━━ RECORDED INFORMATION
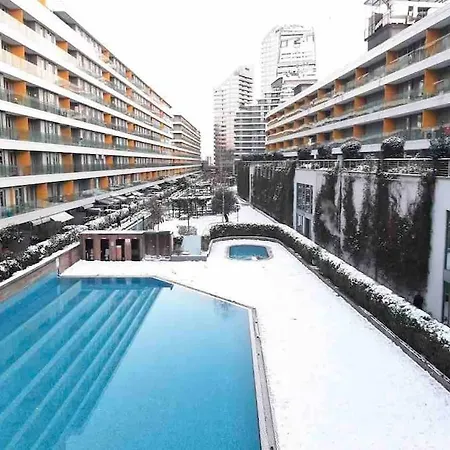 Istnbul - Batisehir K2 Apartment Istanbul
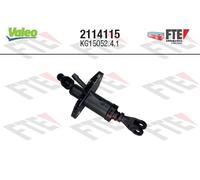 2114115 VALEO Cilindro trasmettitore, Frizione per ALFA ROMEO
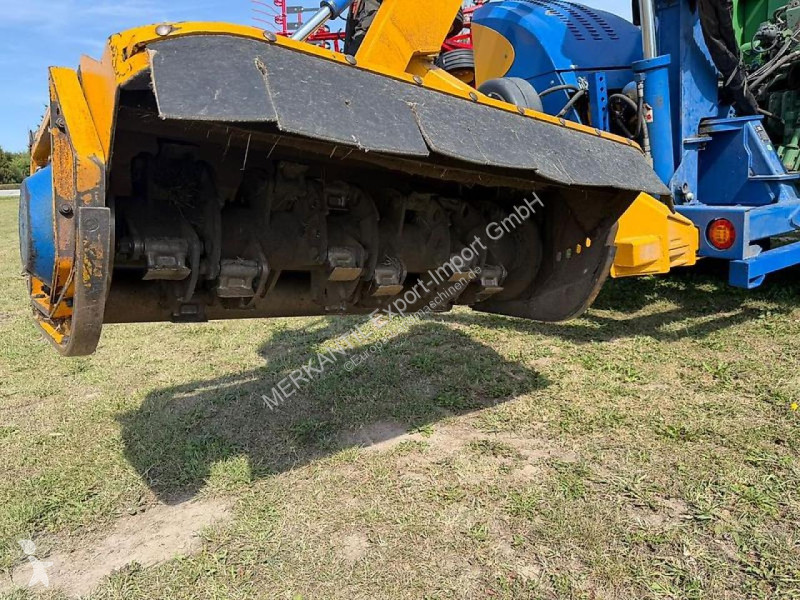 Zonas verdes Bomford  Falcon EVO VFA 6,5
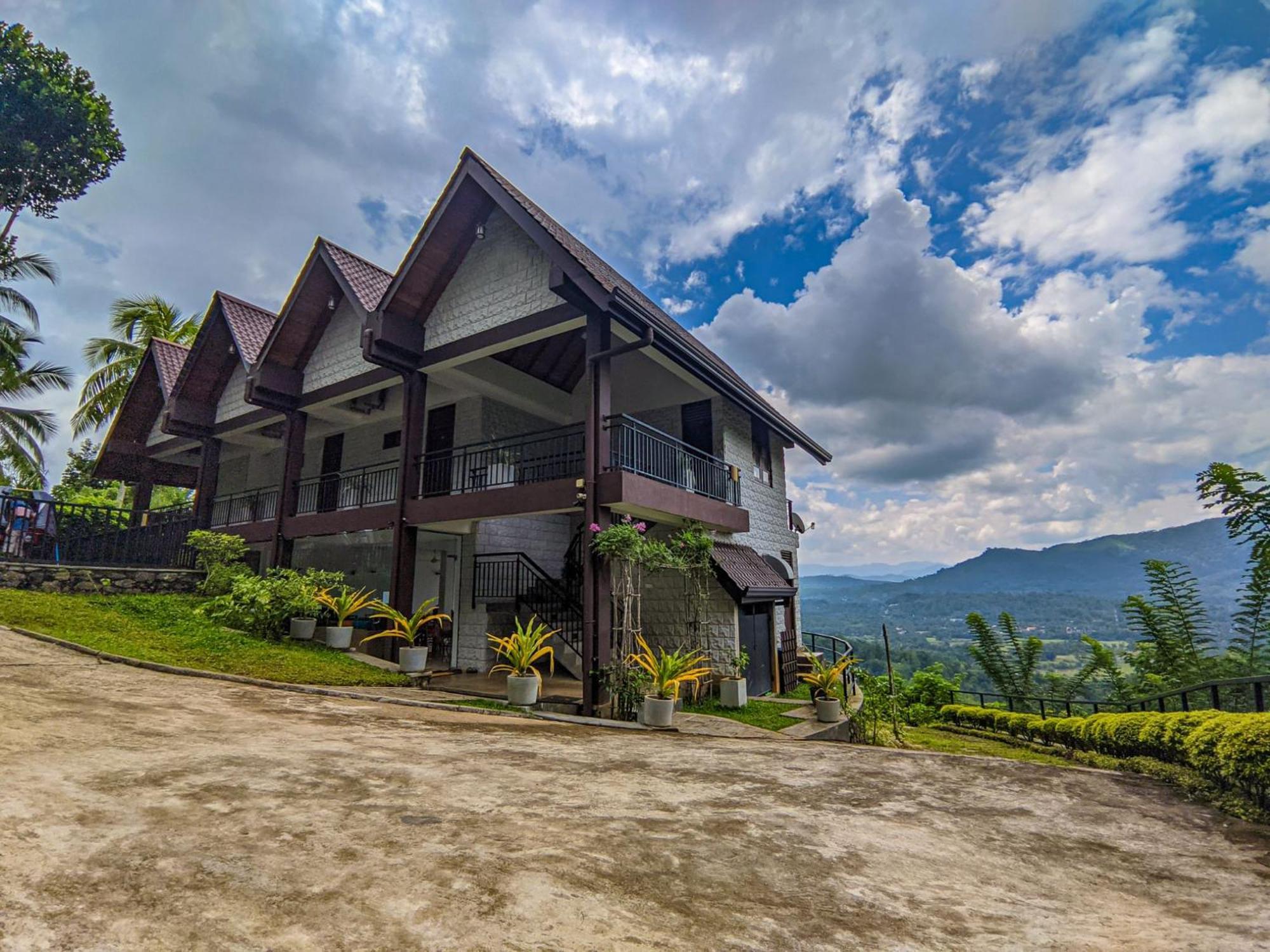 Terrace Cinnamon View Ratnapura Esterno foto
━━━━
◆ **WORK REQUEST**: Replicate the material above verbatim; images stay out of the copy.

◆ **SOLUTION BELOW**:
 Istnbul - Batisehir K2 Apartment Istanbul
 2114115 VALEO Cilindro trasmettitore, Frizione per ALFA ROMEO
 Zonas verdes Bomford  Falcon EVO VFA 6,5
 Terrace Cinnamon View Ratnapura Esterno foto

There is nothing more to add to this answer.